Arizona Public Media budget cut is disturbing
The University of Arizona “budget reality” cut to Arizona Public Media funding is disturbing. KUAZ, KUAT, and NPR are rich intellectual sources for our community. The stated reason for cutting their funding — to free up dollars for research and other UA needs — seems disingenuous.
The reality is that, since President Ann Weaver Hart took office, precious taxpayer resources have been diverted to pay astronomical salaries to newly hired administrators, whose collective publicly reported compensation is in the millions, while longstanding dedicated employees have seen little, if any, increase in their salaries over the years.
If these hires truly reflect a “budget reality” that should supplant the intellectual contributions made by AZPM, then that’s a troubling reality. Replacing intellectual content with bureaucracy is a travesty.
Huppenthal a disgrace to his office, state
Re: the June 19 article “Huppenthal admits anonymous posts.”
In an astonishing article that belonged above the front-page fold instead of on Page 5, the Star reported that, for at least three years, Arizona Superintendent of Public Education John Huppenthal has anonymously used two blog posts to — among other things — call disadvantaged Arizonans “lazy pigs,” compare Planned Parenthood founder Margaret Sanger to “the Nazis” and blast increased funding of Child Protective Services as a waste of money.

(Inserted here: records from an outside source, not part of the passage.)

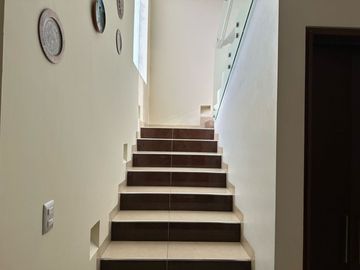 Casa en Venta, de 3 recámaras y arquitectura contemporánea en Provincia Santa Elena, Qro.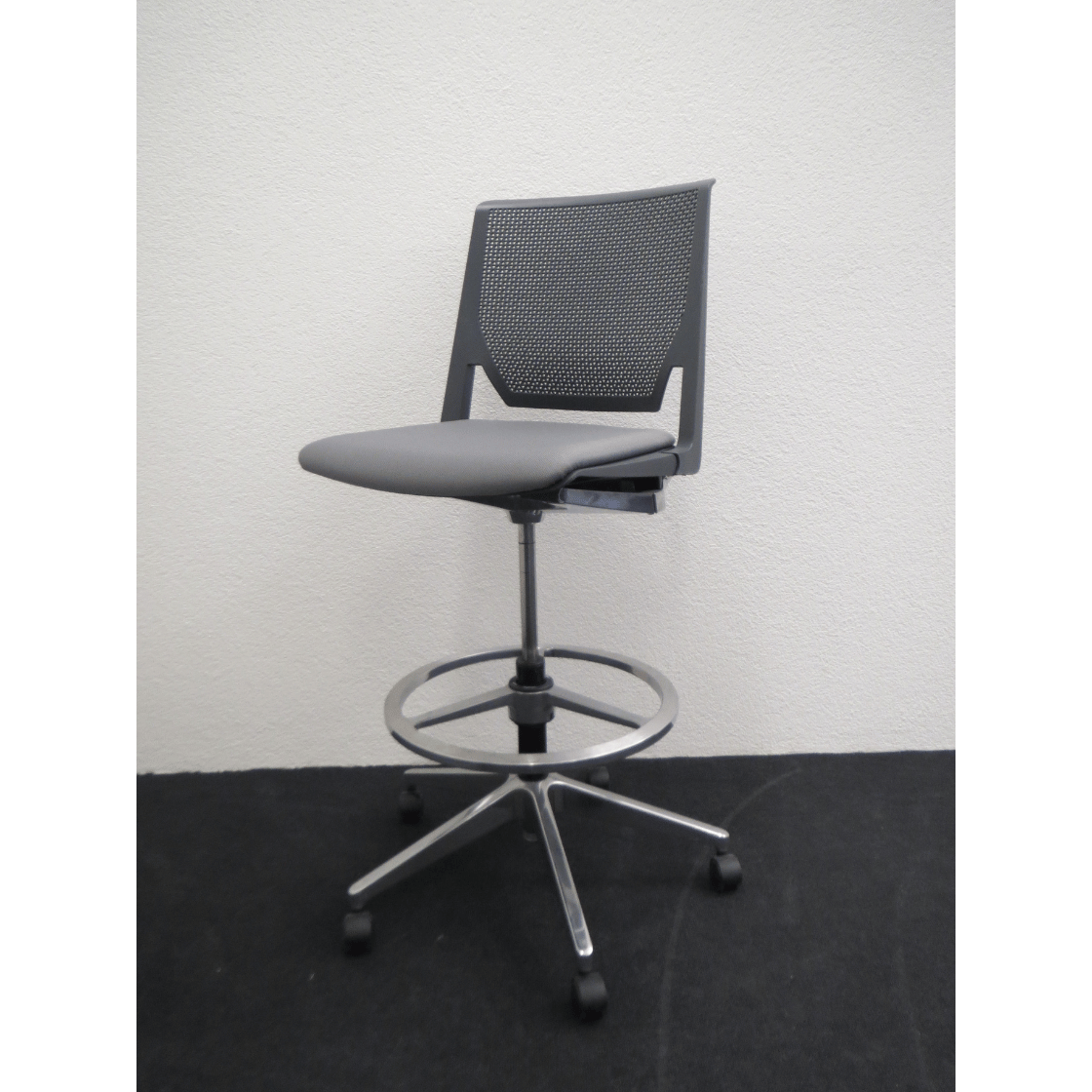 Comforto Counter Stuhl Very – Rücken Kunststoff Grau, Sitz Stoff Grau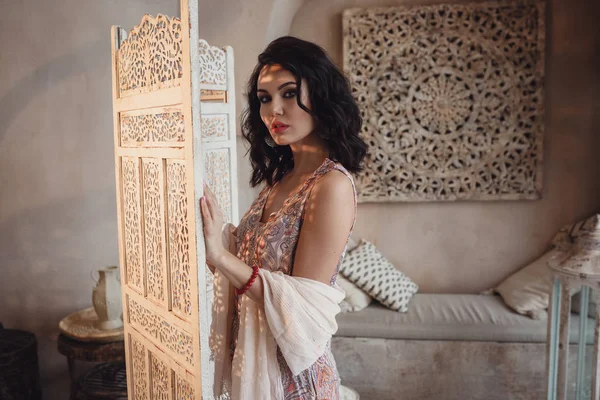 Frau posiert im traditionellen marokkanischen Wohnzimmer — Stockfoto
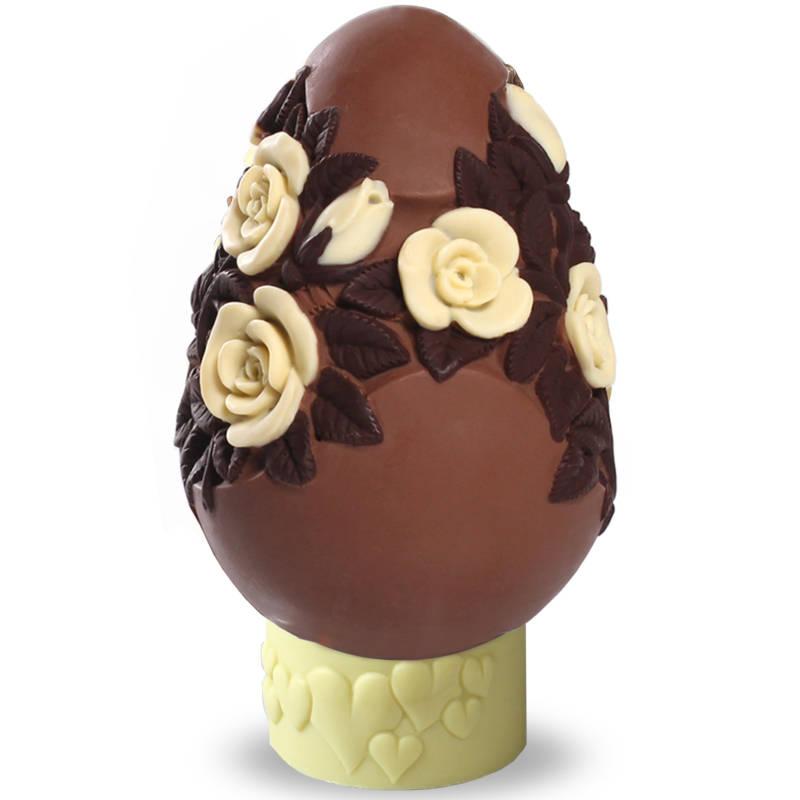 Uovo di Pasqua “Rose” ai tre cioccolati 4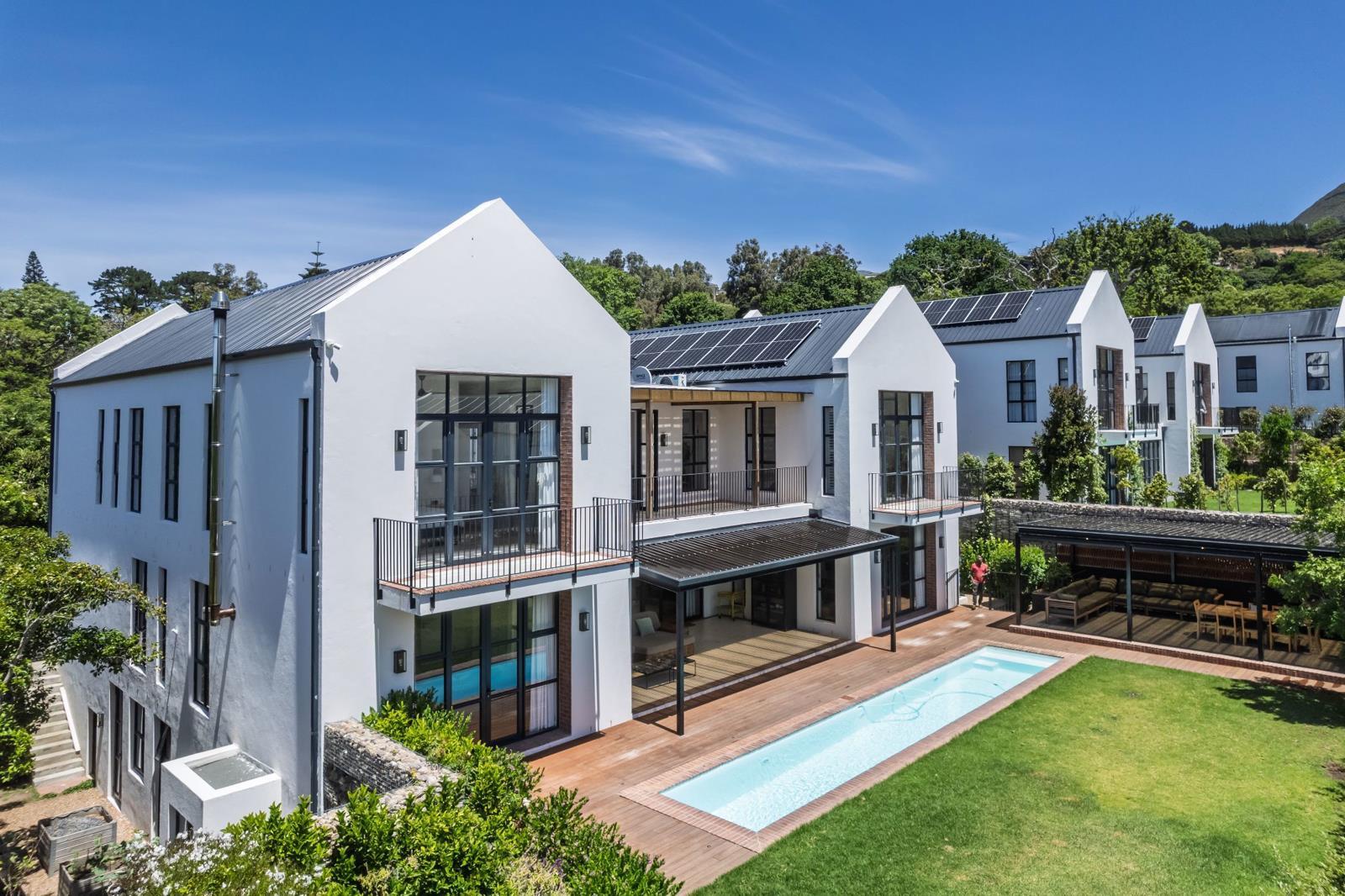 6 Bedroom House in Constantia Upper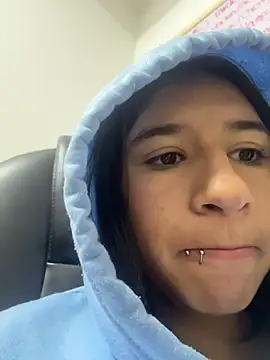 LilyRossi  online show from 23, 6, 2026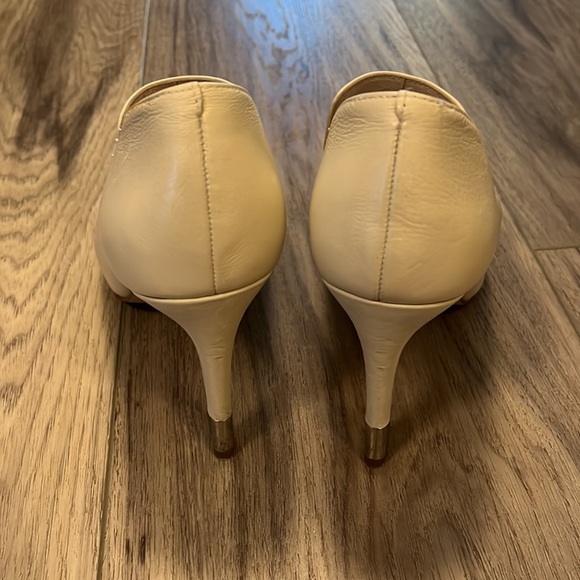 Louise et Cie Open Toe Pumps - Picture 3 of 7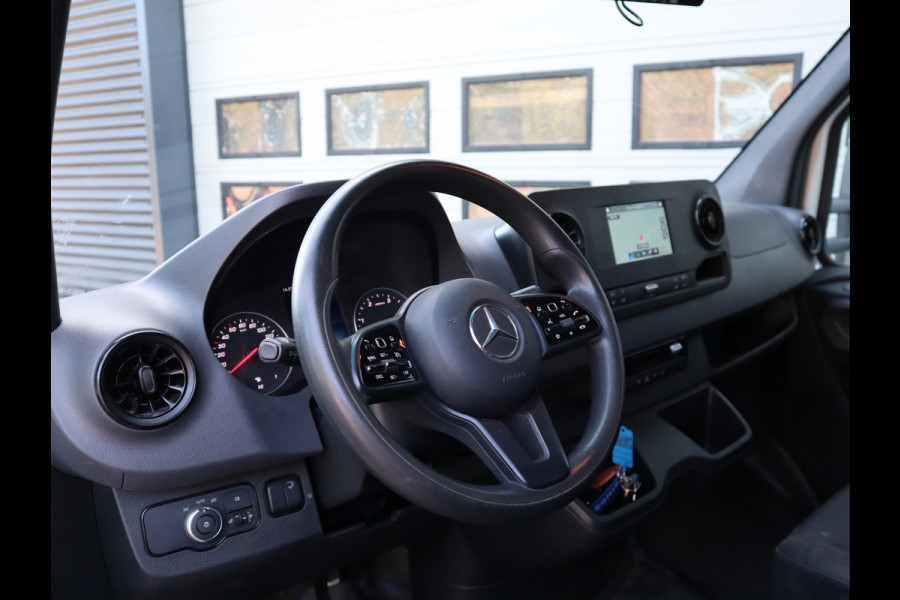 Mercedes-Benz Sprinter 515 CDI Automaat Euro 6 Bakwagen Laadklep - MBUX - Camera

Huppenthal’s post-exposure apology — “I sincerely regret if my comments have offended anyone” — is worse than meaningless. The person elected to a high state office responsible for equitable treatment of all of Arizona’s students in all of its public schools has electronically revealed himself — in anonymous, cowardly fashion — to be a right-wing bigot.
Arizona is one of only 14 states that elects its Superintendent of Public Education. Huppenthal should be recalled at once. Better yet, if he can muster the necessary character, he should do the honorable thing: resign immediately and stop disgracing his office.
Professional fundraiser, Tucson
Wake up: NPR is thought provoking
Re: the June 21 letter “Cat need a sleeping pill? Just tune in NPR.”
For some time I have been too busy to respond to any letter to the editor. But when I read Andrew Gullo’s letter about NPR helping his cat (and him) sleep, I felt it required a loud and clear response.
As a veterinarian I can understand how NPR may help his cat sleep, but as a reasonably intelligent, contemplative and interested individual, I have no idea how anyone could find NPR as anything less than thought provoking and intellectually stimulating.
When I am traveling by car and the NPR reception begins to fade, I know I will find nothing else worth listening to.
Create interagency hotshot crews
Nearing the first anniversary of the Yarnell Fire, firefighters across the country still mourn the tragedy. Another crew loss, though not deadly, is losing the Ironwood Hotshot Crew of Northwest Fire at the end of this year. It will be unfortunate to see a nationally recognized crew disband after 20 years of wildfire suppression and disaster assistance.
The Tucson Basin needs a hotshot crew. The Coronado National Forest brings in out-of-area hotshot crews to be on standby. Couldn’t this local resource be saved by federal and state partnering to finance the Ironwood Crew? This model works in Utah where the Alta Hotshot Crew (since 2001) is financed by both the U.S. Forest Service and Utah Division of Forestry. Support of the crew would be shared by three agencies; thus, reducing the strain on Northwest Fire District, and saving dollars the Forest Service spends staging out of area crews here.
I hope that all three agencies will consider sharing the expense of keeping Ironwood Interagency Hotshot Crew.
Retired US Forest Service, Rio Rico
AZ politicians must stop negative antics
Questions for Arizona voters:
How many times will the voters allow elected officials to cast a negative perception of Arizona to our nation and possibly the world?
Are taunting, pettiness, meanness and bigotry what we want our children to look up to? How can we ask the administrators, teachers, parents and students to set and achieve high standards when the highest ranking public official in charge of the state education system demonstrates a lack of integrity and inclusiveness?
What company would want to establish a business and employ people in a state that has such a questionable educational leader? What are the voters going to do next November?